CAS was first established as a foundation in 1989 by the Norwegian Academy of Science and Letters (DNVA). The Centre opened three years later, and has since hosted more than 75 research projects and 1,100 fellows from all disciplines.
In Defence of the ‘Usefulness of Uselessness’
Deliberations about a Norwegian Centre for Advanced Study began in 1986, when sociologist Gudmund Hernes wrote a feature article in the daily newspaper Dagbladet.
Describing an education and research system drained of creativity and curiosity by a bothersome level of bureaucracy, the weight of the academic teaching load, and an ever-growing emphasis on the ‘usefulness’ of research, Hernes identified an urgent need for a centre for fundamental research in Norway.
Inspired by his experience at the prestigious Center for Advanced Study in the Behavioral Sciences (CASBS) in Palo Alto, California, Hernes envisioned the potential to establish a similar institution in Norway. Hernes described CASBS as ‘a(n) almost imaginary and … paradisal place.’
Organisations such as the Netherlands Institute for Advanced Study in the Humanities and Social Science (NIAS), the German Wissenschaftskolleg zu Berlin, and the Swedish Collegium for Advanced Study (SCAS) also were of great influence when establishing CAS. According to Hernes, such places provide institutional expressions of what American researcher Abraham Flexner has called the ‘usefulness of uselessness.’
Today, these European institutions, along with CAS, are members of NetIAS (the Network of European Institutes for Advanced Study).

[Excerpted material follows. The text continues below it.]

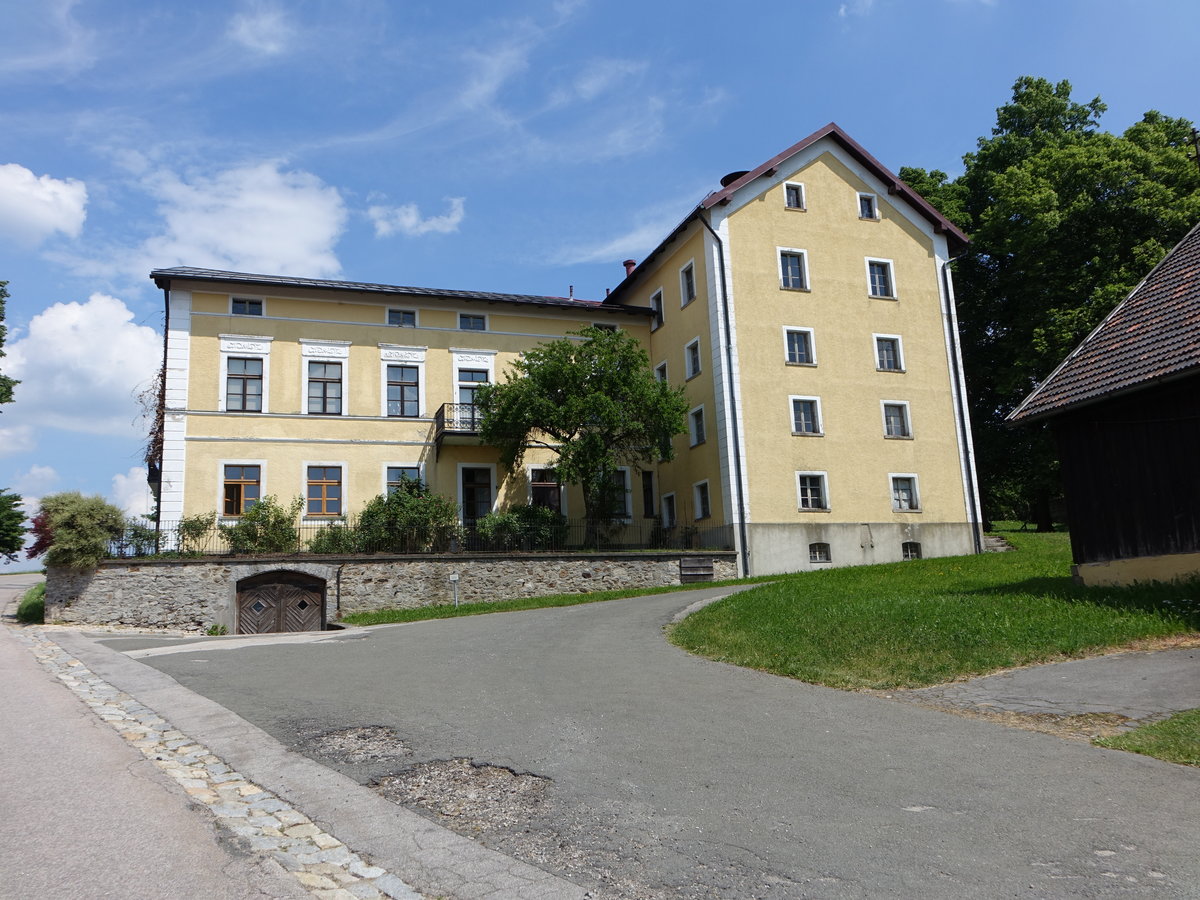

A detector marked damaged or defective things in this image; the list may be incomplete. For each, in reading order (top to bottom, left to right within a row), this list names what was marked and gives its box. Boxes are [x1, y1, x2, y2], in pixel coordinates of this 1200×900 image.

road pothole [300, 728, 412, 764]
road pothole [376, 756, 548, 832]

Chairs of the CAS Board of Directors
|1989 - 1990||Professor Gudmund Hernes|
|1991||Professor Dagfinn Føllesdal|
|1992 - 1993||Professor Vigdis Ystad|
|1993 - 1999||Professor Torstein Jøssang|
|2000 - 2010||Professor Aanund Hylland|
|2011 - 2014||Professor Asbjørn Kjønstad|
|2015 - 2018||Professor Geir Ellingsrud|
|2018 -||Professor Rolf K. Reed|
|1999 - 2003||Professor Ole-Jørgen Skog|
|2003 - 2009||Professor Willy Østreng|
|2009 - 2012||Professor Gro Steinsland|
|2012 - 2014||Professor Brit Solli|
|2015 - 2018||Professor Vigdis Broch-Due|
|2018 -||Professor Camilla Serck-Hanssen|
In the summers of 2017 and 2018, CAS hosted YoungCAS, a programme aimed at supporting scholars at the outset of their careers.
YoungCAS offered a unique opportunity for postdoctoral students and other young scholars to do group-based research with colleagues from around the world during a one-week stay in Oslo.

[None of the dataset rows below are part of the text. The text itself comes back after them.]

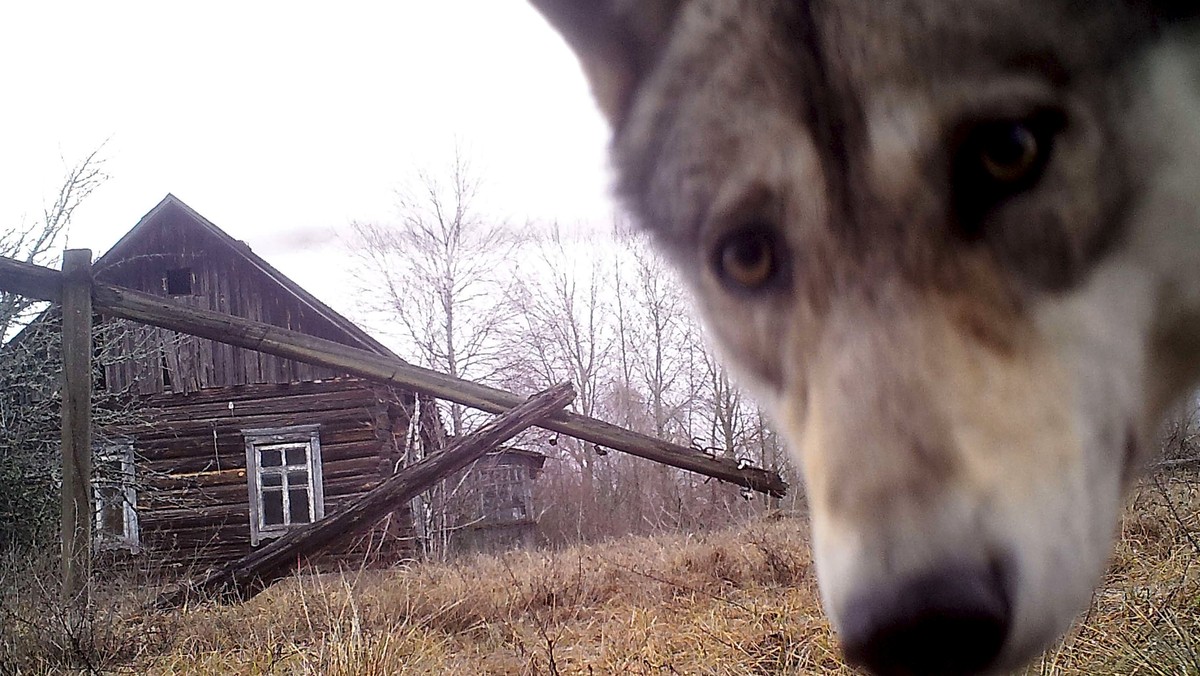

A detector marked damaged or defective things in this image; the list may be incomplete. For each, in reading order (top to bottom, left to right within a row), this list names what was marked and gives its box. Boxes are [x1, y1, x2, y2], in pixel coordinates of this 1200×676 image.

broken wooden beam [159, 381, 576, 607]
broken wooden beam [0, 255, 787, 497] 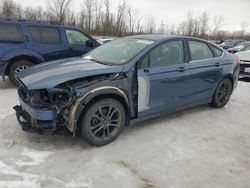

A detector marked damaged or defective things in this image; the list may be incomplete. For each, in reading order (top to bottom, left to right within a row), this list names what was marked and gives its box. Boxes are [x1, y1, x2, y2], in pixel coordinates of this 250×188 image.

crumpled hood [16, 57, 124, 90]
front end damage [13, 72, 131, 135]
damaged sedan [13, 35, 240, 145] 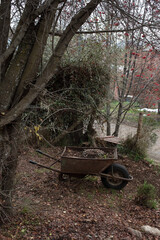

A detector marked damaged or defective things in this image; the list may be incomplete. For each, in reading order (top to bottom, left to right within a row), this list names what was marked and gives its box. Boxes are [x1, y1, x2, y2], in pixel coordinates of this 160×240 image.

rusty wheelbarrow [29, 146, 132, 189] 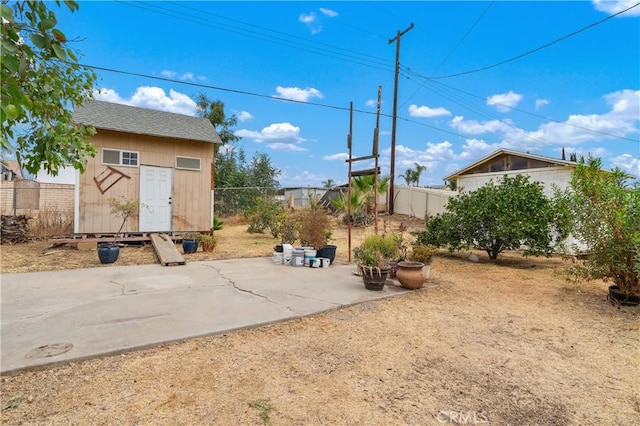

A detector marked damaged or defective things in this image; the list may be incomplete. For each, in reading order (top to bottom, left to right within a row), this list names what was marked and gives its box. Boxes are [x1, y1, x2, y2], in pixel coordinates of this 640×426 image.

cracked concrete slab [2, 256, 408, 372] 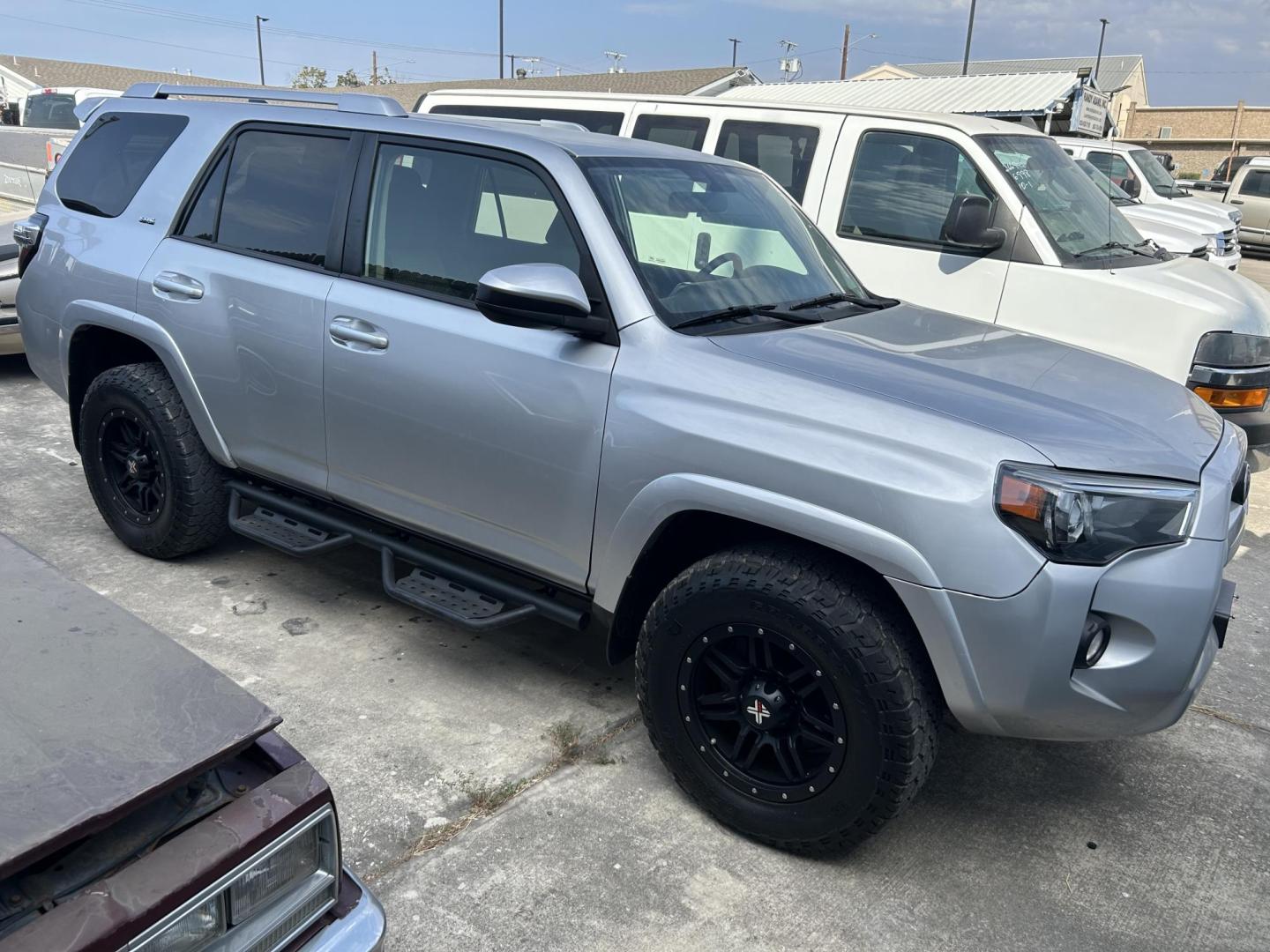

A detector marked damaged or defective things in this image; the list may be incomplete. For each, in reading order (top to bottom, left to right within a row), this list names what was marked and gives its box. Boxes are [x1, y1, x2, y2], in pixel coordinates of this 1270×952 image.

cracked concrete [0, 251, 1265, 949] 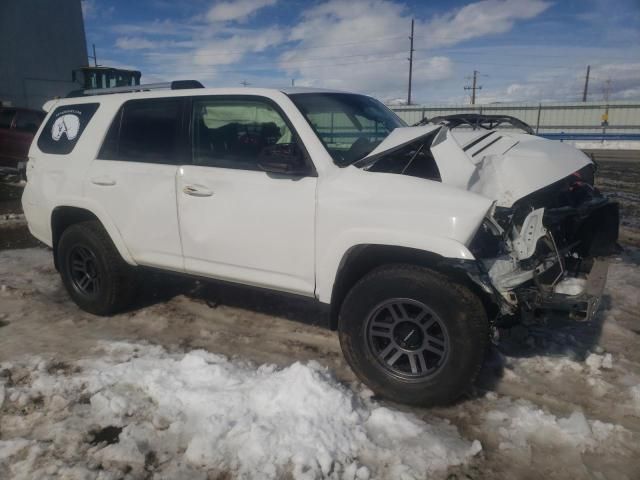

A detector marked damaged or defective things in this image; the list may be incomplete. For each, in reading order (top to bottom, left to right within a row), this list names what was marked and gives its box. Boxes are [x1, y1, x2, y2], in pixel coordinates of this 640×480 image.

CAS hosted the following YoungCAS projects:
- The Post-Antibiotic Era: End of the World As We Know It? led by Hanna Tiainen, postdoctoral researcher at the University of Oslo (UiO)

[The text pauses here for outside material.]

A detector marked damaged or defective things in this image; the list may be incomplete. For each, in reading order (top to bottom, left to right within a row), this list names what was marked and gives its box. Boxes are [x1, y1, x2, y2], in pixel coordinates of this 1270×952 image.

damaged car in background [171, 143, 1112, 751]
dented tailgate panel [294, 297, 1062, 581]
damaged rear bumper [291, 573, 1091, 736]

- Workshop on Indigenous Law and Methodology, led by Margherita Paola Poto, postdoctoral researcher at the University of Tromsø - The Arctic University of Norway (UiT)
- Do Electron Current Densities Determine All There Is to Know? led by Andre Laestadius, postdoctoral fellow at the University of Oslo (UiO)
The Hippocampus Project
When Per Andersen, a brain researcher at the University of Oslo (UiO), was selected to lead a CAS project in the 1990s, he initially turned down the offer due to prior research engagements. Recognising the potential of Andersen's work, the CAS Board of Directors chose to provide financial support, office space, and seminar rooms to one of his projects: The Hippocampus Book.
Andersen, along with fellow neuroscientists Richard Morris, David Amaral, Tim Bliss, and John O’Keefe, enjoyed several stays at CAS in the 1990s while they worked on unraveling the secrets of the brain.
The hippocampus is one of a group of remarkable structures embedded within the brain's medial temporal lobe. Long known to be important for memory, it has been a prime focus of neuroscience research for many years.
The Hippocampus Book, published in 2007, offers a comprehensive account of what the hippocampus does, how it does it, and what happens when things go wrong. It is regarded as a seminal book in the field of neuroscience.
CAS hopes to support more special projects in the future.